**The task:** Where an image appears in the data, omit it and reproduce the rest exactly.
==*==
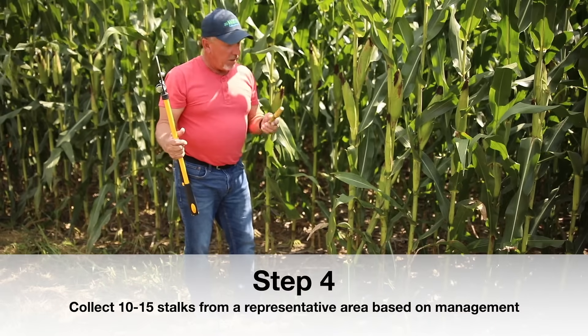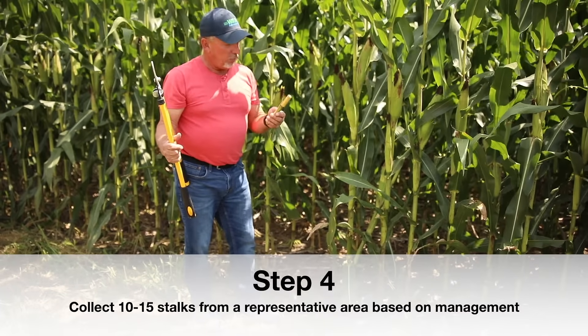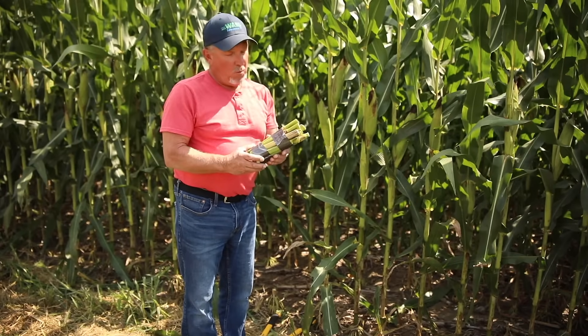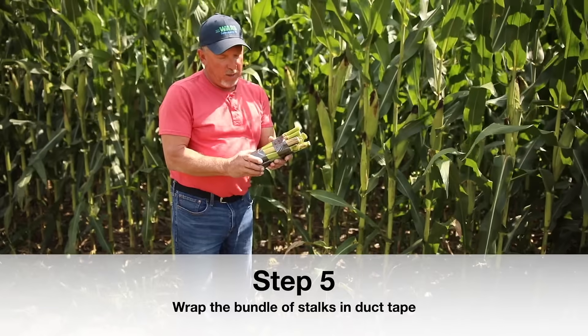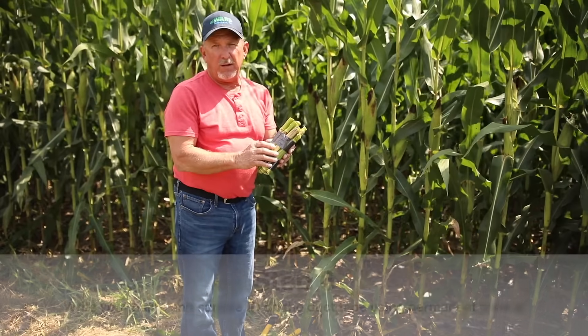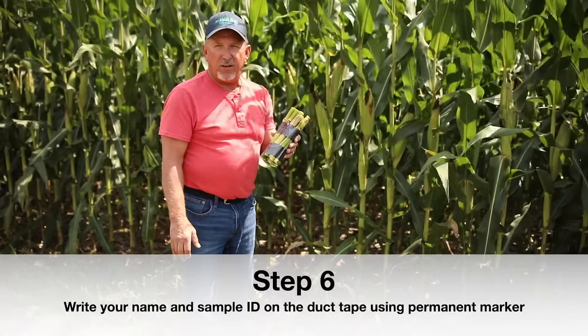Now I'll go in and collect a random sample across the field, and then we'll get things ready for the lab. We're back from collecting our random samples across the field. What we've done is taken and bundled them together and wrapped it up with duct tape. On the duct tape I wrote the name and the sample ID, and then we want the stalk nitrate test.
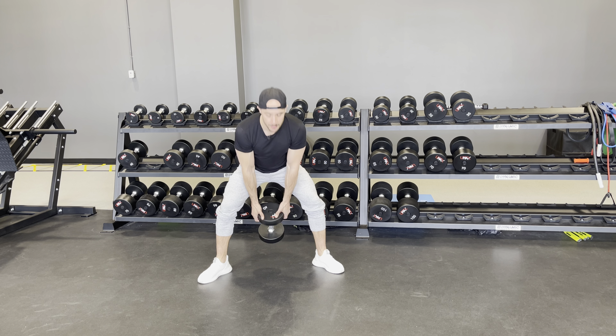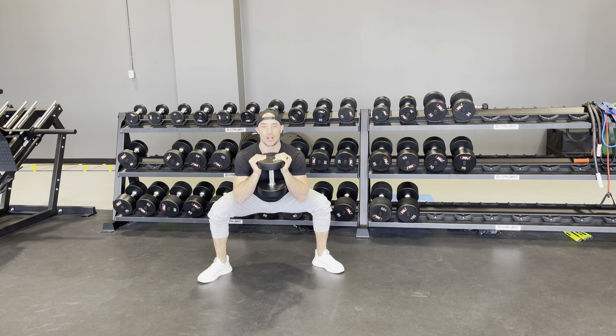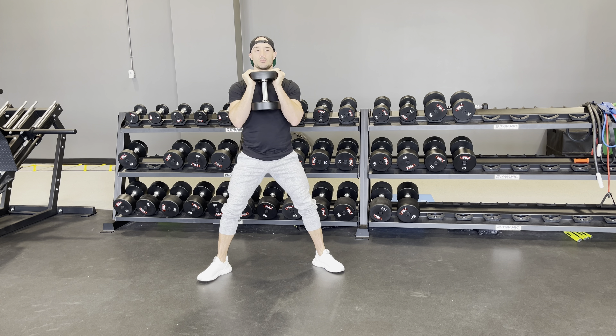From here, grab that dumbbell, prop it up in your goblet grip just like so. Then all your regular squatting rules apply — drive the knees wide, sit back, keep that core engaged, drive wide up strong.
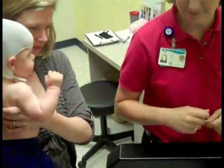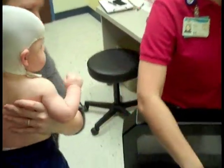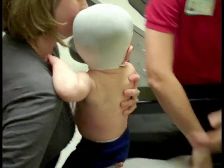Before we had the star scanner, the way we would do this is we would take a number of hand measurements of your child's head, which is often very challenging with a wiggly baby. And then we would do a plaster casting of the skull. The plaster casting would involve about a 15 to 20 minute process where we would lay strips of plaster over the child's head to get a good impression of your child's current head shape.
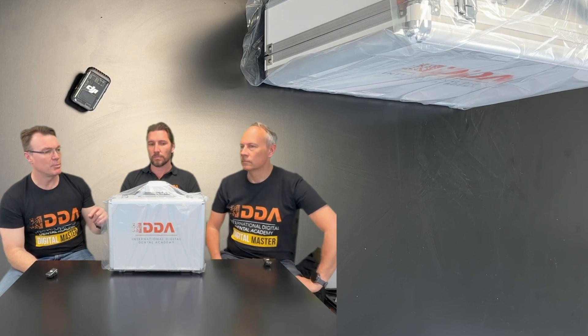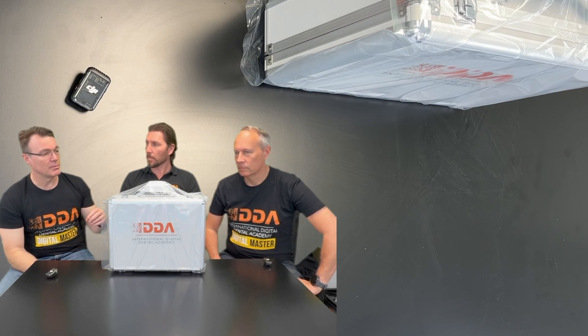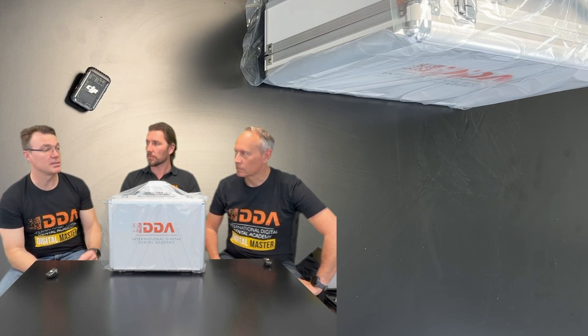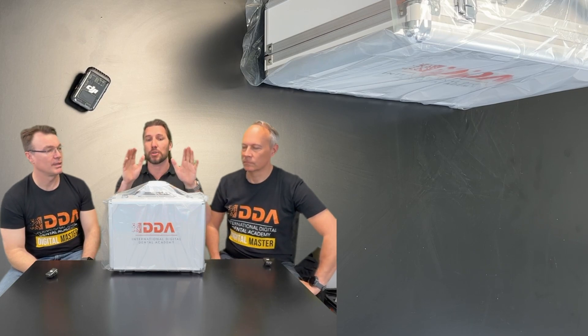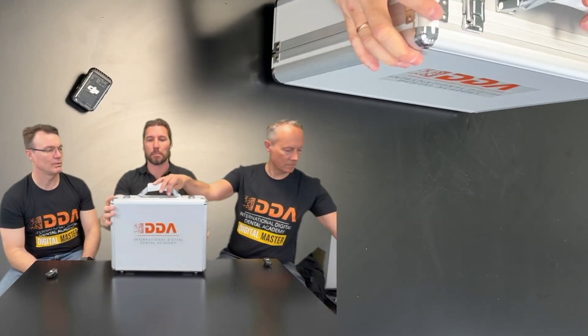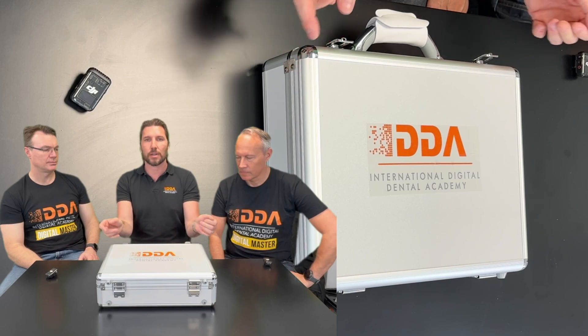It has actually got a lot of functions, and we were quite surprised when we started working with the company to develop this — that they would include all of these functions. We thought it would literally just be a scanner to replace impressions, but it's not. It is a scanner to digitize your practice. And one of the most important things when you first take it out of the box is you see this beautiful travel case, which we think is a really important thing.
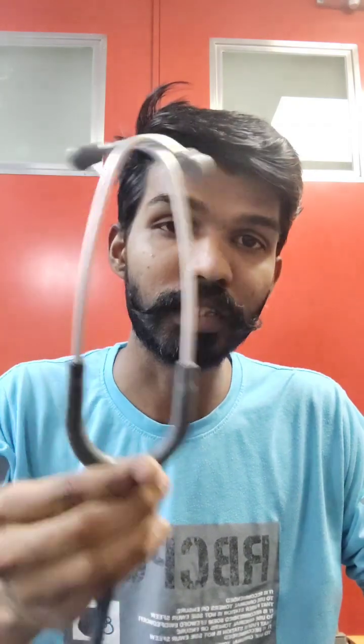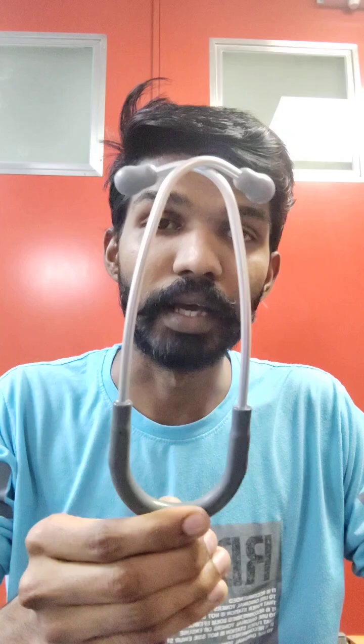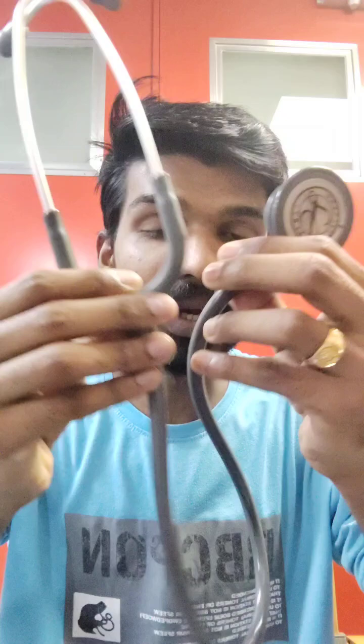Greetings everyone. Let me discuss some important parts of this stethoscope. I have the Littmann Classic II SE model in my hand. There are two important parts in this stethoscope: the first part at the front is known as the headset, and the last ending piece is known as the chest piece. In between, there is a tubing, also called the tube.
==*==
**Task solution:**
Now I'll go in and collect a random sample across the field, and then we'll get things ready for the lab. We're back from collecting our random samples across the field. What we've done is taken and bundled them together and wrapped it up with duct tape. On the duct tape I wrote the name and the sample ID, and then we want the stalk nitrate test.
From here, grab that dumbbell, prop it up in your goblet grip just like so. Then all your regular squatting rules apply — drive the knees wide, sit back, keep that core engaged, drive wide up strong.
Before we had the star scanner, the way we would do this is we would take a number of hand measurements of your child's head, which is often very challenging with a wiggly baby. And then we would do a plaster casting of the skull. The plaster casting would involve about a 15 to 20 minute process where we would lay strips of plaster over the child's head to get a good impression of your child's current head shape.
It has actually got a lot of functions, and we were quite surprised when we started working with the company to develop this — that they would include all of these functions. We thought it would literally just be a scanner to replace impressions, but it's not. It is a scanner to digitize your practice. And one of the most important things when you first take it out of the box is you see this beautiful travel case, which we think is a really important thing.
Greetings everyone. Let me discuss some important parts of this stethoscope. I have the Littmann Classic II SE model in my hand. There are two important parts in this stethoscope: the first part at the front is known as the headset, and the last ending piece is known as the chest piece. In between, there is a tubing, also called the tube.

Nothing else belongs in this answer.